■ **Task details**:
All lines from the one containing "Uimoso 2-Seat Patio" to the end of the listing below are to be reproduced exactly, and no others.
━━━ Given material ━━━
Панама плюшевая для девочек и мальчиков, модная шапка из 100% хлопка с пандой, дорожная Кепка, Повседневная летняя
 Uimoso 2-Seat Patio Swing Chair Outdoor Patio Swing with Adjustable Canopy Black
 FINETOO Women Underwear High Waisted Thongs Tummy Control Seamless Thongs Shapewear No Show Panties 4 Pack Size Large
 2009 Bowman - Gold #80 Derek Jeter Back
━━━
■ **Reply**:
 Uimoso 2-Seat Patio Swing Chair Outdoor Patio Swing with Adjustable Canopy Black
 FINETOO Women Underwear High Waisted Thongs Tummy Control Seamless Thongs Shapewear No Show Panties 4 Pack Size Large
 2009 Bowman - Gold #80 Derek Jeter Back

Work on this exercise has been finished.